WHAT YOU HAVE TO DO: Which lines run from the start of the data below to the line containing "トヨクモちゃんの自己紹介"? Set them down exactly, with none added.

Extracted records:

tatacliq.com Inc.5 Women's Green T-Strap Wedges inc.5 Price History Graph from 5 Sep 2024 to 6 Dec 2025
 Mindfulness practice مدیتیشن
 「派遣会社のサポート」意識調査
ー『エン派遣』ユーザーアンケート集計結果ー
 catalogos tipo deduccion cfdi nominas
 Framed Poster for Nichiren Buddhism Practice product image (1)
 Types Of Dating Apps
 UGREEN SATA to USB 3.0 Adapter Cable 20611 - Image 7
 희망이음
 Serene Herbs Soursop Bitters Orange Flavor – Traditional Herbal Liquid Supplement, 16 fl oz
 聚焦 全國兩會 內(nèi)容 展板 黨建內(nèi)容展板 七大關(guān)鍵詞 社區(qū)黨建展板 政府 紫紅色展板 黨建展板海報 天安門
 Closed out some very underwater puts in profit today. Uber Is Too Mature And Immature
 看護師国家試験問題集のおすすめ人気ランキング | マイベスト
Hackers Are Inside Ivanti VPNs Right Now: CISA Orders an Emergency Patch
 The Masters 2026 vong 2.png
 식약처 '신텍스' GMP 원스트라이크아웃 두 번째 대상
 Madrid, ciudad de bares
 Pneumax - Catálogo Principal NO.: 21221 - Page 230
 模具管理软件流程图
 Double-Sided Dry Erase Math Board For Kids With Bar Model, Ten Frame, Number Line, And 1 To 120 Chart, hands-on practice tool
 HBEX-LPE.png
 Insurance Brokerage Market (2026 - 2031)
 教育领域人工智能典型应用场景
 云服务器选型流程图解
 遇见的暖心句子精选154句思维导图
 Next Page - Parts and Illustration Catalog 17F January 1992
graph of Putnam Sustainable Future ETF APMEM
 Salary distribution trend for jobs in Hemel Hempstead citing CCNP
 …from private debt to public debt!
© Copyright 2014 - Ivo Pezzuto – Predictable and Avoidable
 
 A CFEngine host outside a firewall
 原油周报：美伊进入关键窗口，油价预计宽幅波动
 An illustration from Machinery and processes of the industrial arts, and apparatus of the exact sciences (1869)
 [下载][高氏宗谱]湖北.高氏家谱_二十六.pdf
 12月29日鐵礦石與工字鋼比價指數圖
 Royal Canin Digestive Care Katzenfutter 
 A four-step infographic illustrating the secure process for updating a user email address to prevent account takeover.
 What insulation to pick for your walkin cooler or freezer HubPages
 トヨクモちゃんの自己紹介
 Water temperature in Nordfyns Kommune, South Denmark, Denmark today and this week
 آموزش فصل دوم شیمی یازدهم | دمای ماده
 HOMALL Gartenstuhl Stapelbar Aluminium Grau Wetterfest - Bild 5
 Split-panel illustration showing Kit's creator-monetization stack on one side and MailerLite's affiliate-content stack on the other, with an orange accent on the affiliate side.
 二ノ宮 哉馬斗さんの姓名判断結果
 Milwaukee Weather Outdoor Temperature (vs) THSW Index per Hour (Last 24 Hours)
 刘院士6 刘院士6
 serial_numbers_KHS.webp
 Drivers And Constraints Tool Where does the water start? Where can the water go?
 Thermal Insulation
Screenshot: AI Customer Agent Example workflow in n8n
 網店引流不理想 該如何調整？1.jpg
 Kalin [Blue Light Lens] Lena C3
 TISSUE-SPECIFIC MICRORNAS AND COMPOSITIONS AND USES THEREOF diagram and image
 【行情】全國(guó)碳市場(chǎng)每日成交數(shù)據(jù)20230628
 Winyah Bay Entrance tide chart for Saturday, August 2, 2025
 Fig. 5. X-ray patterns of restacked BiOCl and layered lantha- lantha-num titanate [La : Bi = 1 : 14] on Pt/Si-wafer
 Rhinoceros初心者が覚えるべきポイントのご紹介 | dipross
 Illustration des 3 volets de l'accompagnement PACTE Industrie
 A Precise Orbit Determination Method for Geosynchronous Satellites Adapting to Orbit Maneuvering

RESULT OF THE TASK:
tatacliq.com Inc.5 Women's Green T-Strap Wedges inc.5 Price History Graph from 5 Sep 2024 to 6 Dec 2025
 Mindfulness practice مدیتیشن
 「派遣会社のサポート」意識調査
ー『エン派遣』ユーザーアンケート集計結果ー
 catalogos tipo deduccion cfdi nominas
 Framed Poster for Nichiren Buddhism Practice product image (1)
 Types Of Dating Apps
 UGREEN SATA to USB 3.0 Adapter Cable 20611 - Image 7
 희망이음
 Serene Herbs Soursop Bitters Orange Flavor – Traditional Herbal Liquid Supplement, 16 fl oz
 聚焦 全國兩會 內(nèi)容 展板 黨建內(nèi)容展板 七大關(guān)鍵詞 社區(qū)黨建展板 政府 紫紅色展板 黨建展板海報 天安門
 Closed out some very underwater puts in profit today. Uber Is Too Mature And Immature
 看護師国家試験問題集のおすすめ人気ランキング | マイベスト
Hackers Are Inside Ivanti VPNs Right Now: CISA Orders an Emergency Patch
 The Masters 2026 vong 2.png
 식약처 '신텍스' GMP 원스트라이크아웃 두 번째 대상
 Madrid, ciudad de bares
 Pneumax - Catálogo Principal NO.: 21221 - Page 230
 模具管理软件流程图
 Double-Sided Dry Erase Math Board For Kids With Bar Model, Ten Frame, Number Line, And 1 To 120 Chart, hands-on practice tool
 HBEX-LPE.png
 Insurance Brokerage Market (2026 - 2031)
 教育领域人工智能典型应用场景
 云服务器选型流程图解
 遇见的暖心句子精选154句思维导图
 Next Page - Parts and Illustration Catalog 17F January 1992
graph of Putnam Sustainable Future ETF APMEM
 Salary distribution trend for jobs in Hemel Hempstead citing CCNP
 …from private debt to public debt!
© Copyright 2014 - Ivo Pezzuto – Predictable and Avoidable
 
 A CFEngine host outside a firewall
 原油周报：美伊进入关键窗口，油价预计宽幅波动
 An illustration from Machinery and processes of the industrial arts, and apparatus of the exact sciences (1869)
 [下载][高氏宗谱]湖北.高氏家谱_二十六.pdf
 12月29日鐵礦石與工字鋼比價指數圖
 Royal Canin Digestive Care Katzenfutter 
 A four-step infographic illustrating the secure process for updating a user email address to prevent account takeover.
 What insulation to pick for your walkin cooler or freezer HubPages
 トヨクモちゃんの自己紹介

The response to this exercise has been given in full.